L’Investimento 3.2 del Piano (Green Communities) intende favorire la nascita e la crescita di comunità locali, anche tra loro coordinate e/o associate, attraverso il supporto all’elaborazione, il finanziamento e la realizzazione di piani di sviluppo sostenibili dal punto di vista energetico, ambientale, economico e sociale.
Le forze in campo e i finanziamenti si concentreranno su 30 Green Communities italiane con lo scopo, tra gli altri, di una gestione integrata e certificata del patrimonio agro-forestale, dell’efficienza energetica e dell’integrazione intelligente degli impianti e delle reti, della produzione di energia da fonti rinnovabili locali, quali i microimpianti idroelettrici, le biomasse, il biogas, l’eolico, la cogenerazione e il biometano.
Il biometano è chiamato in gioco anche quando il Piano nazionale parla di sviluppo sostenibile delle attività produttive (zero waste production) e dell’integrazione dei servizi di mobilità, nonché dello sviluppo di un modello di azienda agricola sostenibile.
La premessa per questa attenzione al biometano risiede principalmente negli obiettivi posti dall’Accordo di Parigi, con il quale i Paesi di tutto il mondo si sono impegnati a limitare il riscaldamento globale a 2°C , facendo il possibile per limitarlo a 1,5° C, rispetto ai livelli preindustriali. Per raggiungere questo obiettivo, l’Unione Europea attraverso lo European Green Deal (COM/2019/640 final) ha definito nuovi obiettivi energetici e climatici estremamente ambiziosi che richiederanno la riduzione dei gas climalteranti (Green House Gases, GHG) al 55 per cento nel 2030 e alla neutralità climatica nel 2050. La Comunicazione è in via di traduzione legislativa nel pacchetto “Fit for 55” ed è stato anticipato dalla Energy transition strategy, con la quale le misure contenute nel PNRR italiano sono coerenti.
L’Italia è stato uno dei Paesi pionieri e promotori delle politiche di decarbonizzazione, lanciando numerose misure che hanno stimolato investimenti importanti (si pensi alle politiche a favore dello sviluppo rinnovabili o dell’efficienza energetica).
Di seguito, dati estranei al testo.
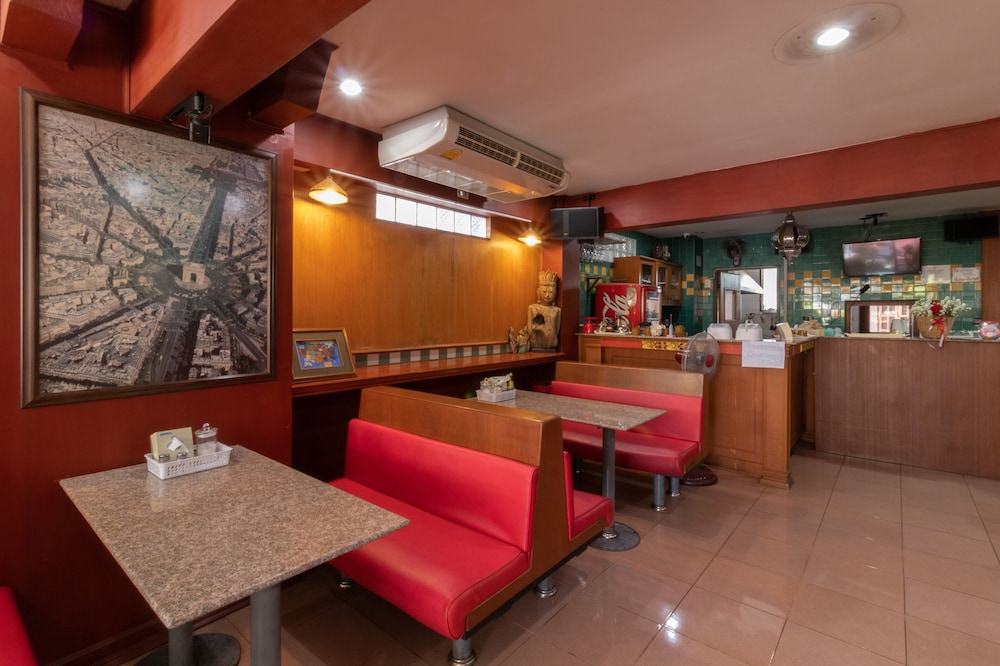 Rendezvous Oldtown Chiangmai (SHA Extra Plus) 34/50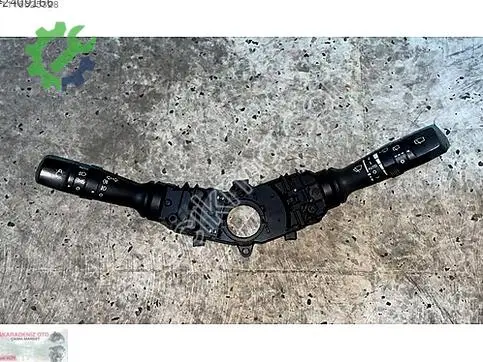Kia Ceed Sinyal Kolu çıkma parça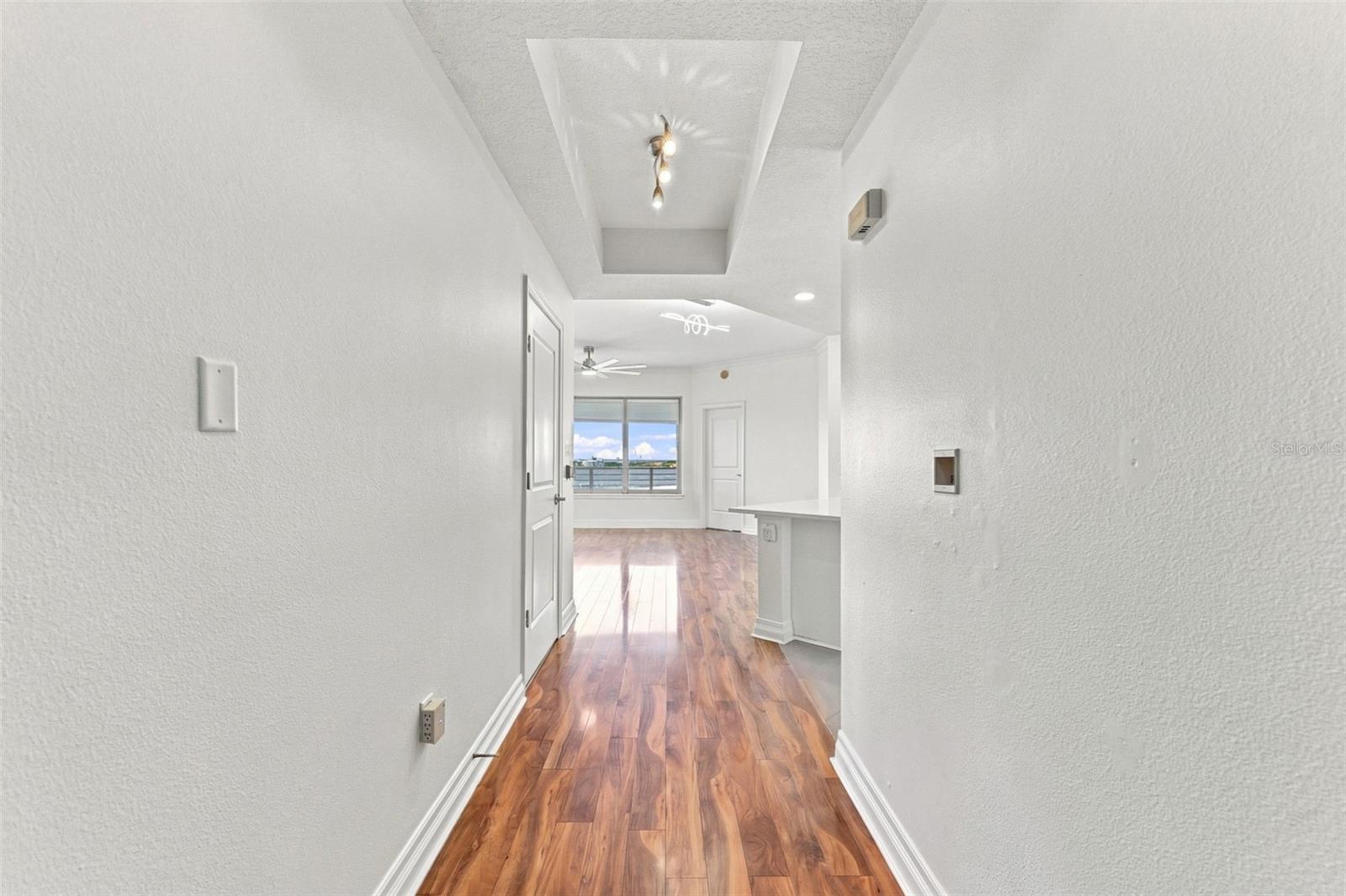 1209 E Cumberland Ave #608 Property Photo 2
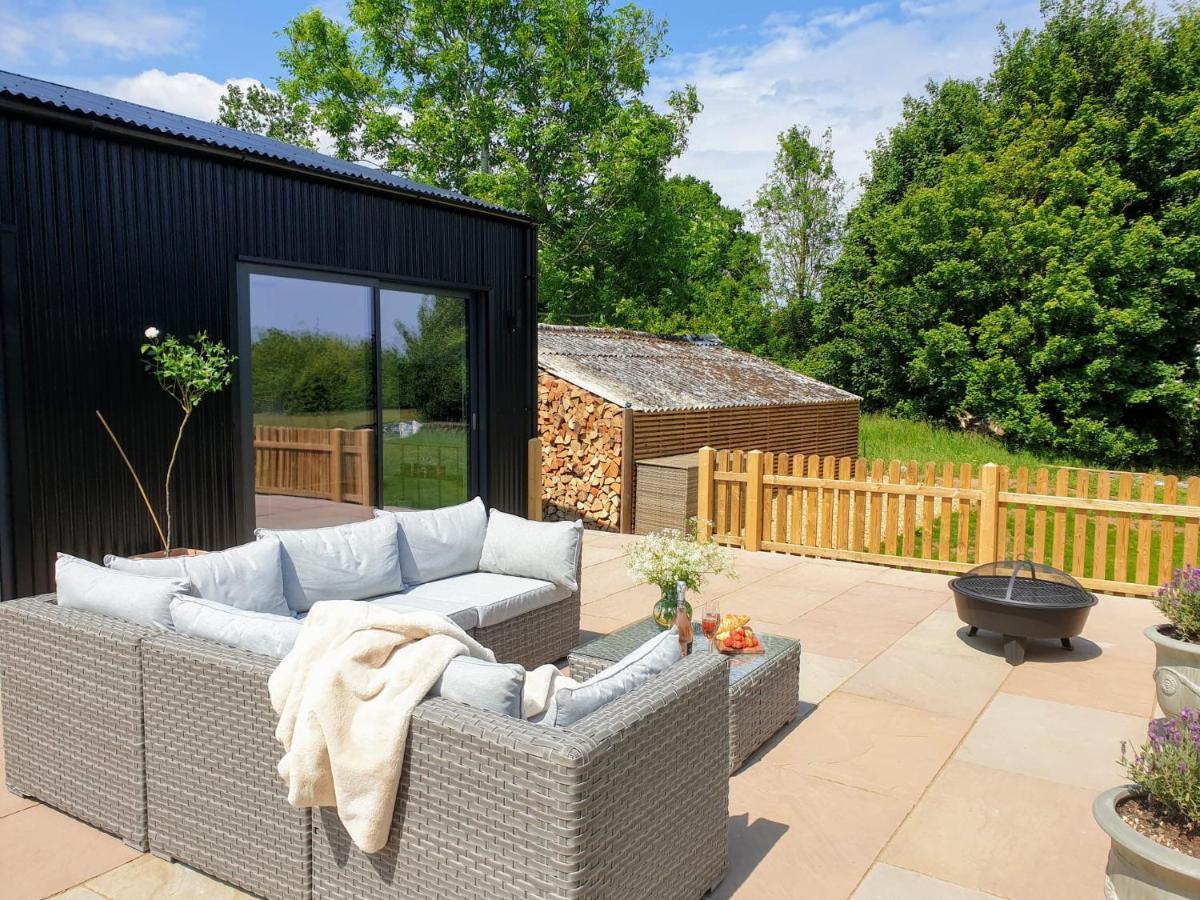 Finest Retreats - Blackbarn Wood Balsham Экстерьер фото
Il PNIEC in vigore, attualmente in fase di aggiornamento (e rafforzamento) per riflettere il nuovo livello di ambizione definito in ambito europeo, così come la Strategia di Lungo Termine già forniscono un importante inquadramento strategico per l’evoluzione del sistema, con il quale le misure di questa Componente sono in piena coerenza.
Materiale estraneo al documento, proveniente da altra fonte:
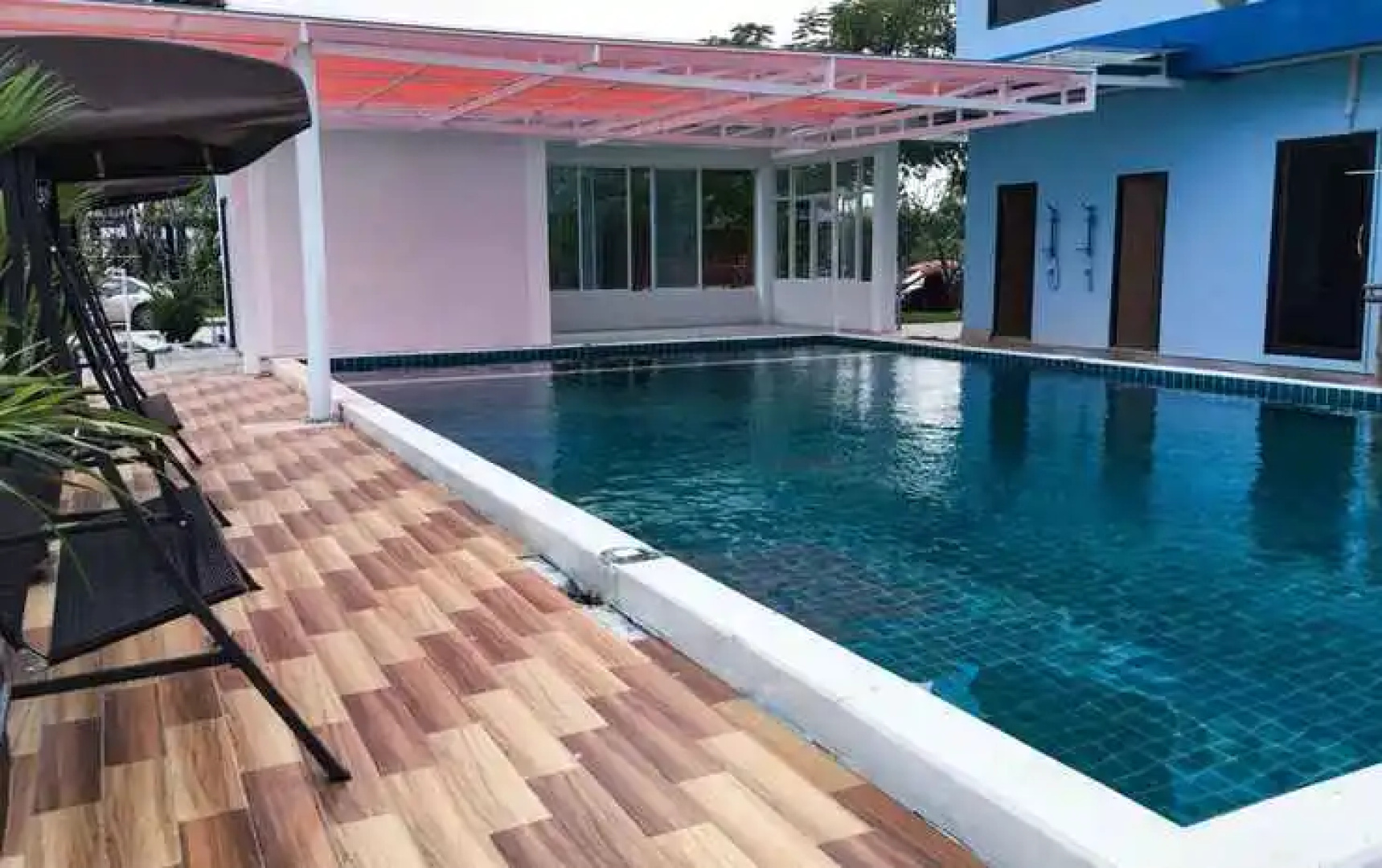 Menam Resort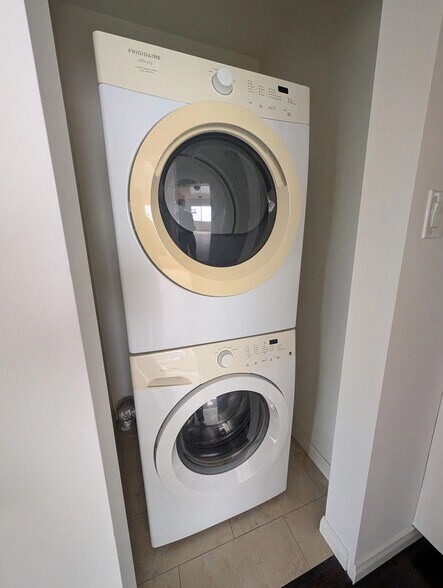 Building Photo - 5219 Packard St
Nell’ultimo trentennio le emissioni totali di gas serra in Italia si sono ridotte del 19% (Total CO2 equivalent emissions without land use, land-use change and forestry), passando da 519 Mt CO2eq a 418 Mt CO2eq. Di queste le emissioni del settore delle industrie energetiche rappresentano circa il 22%, quelle delle industrie manifatturiere il 12% con riferimento ai consumi energetici e il l’8% con riferimento ai processi industriali, quelle dei trasporti il 25%, mentre quelle del civile (residenziale, servizi e consumi energetici agricoltura) rappresentano il 19% circa. Non vanno peraltro trascurate le emissioni prodotte dai rifiuti (4%) e quelle prodotte da coltivazioni ed allevamenti (7%).
Gli obiettivi fissati per il 2030 e per il 2050 sono ancora molto lontani.
Proprio per questo motivo il PNRR affronta con decisione l’argomento biometano, prospettando una vera e propria svolta nelle politiche di sostegno a questo biocarburante.
In linea generale tutte le energie rinnovabili sono oggetto del Piano nazionale, con la prospettiva di un deciso aumento della quote rispetto a quelle da fonte fossile.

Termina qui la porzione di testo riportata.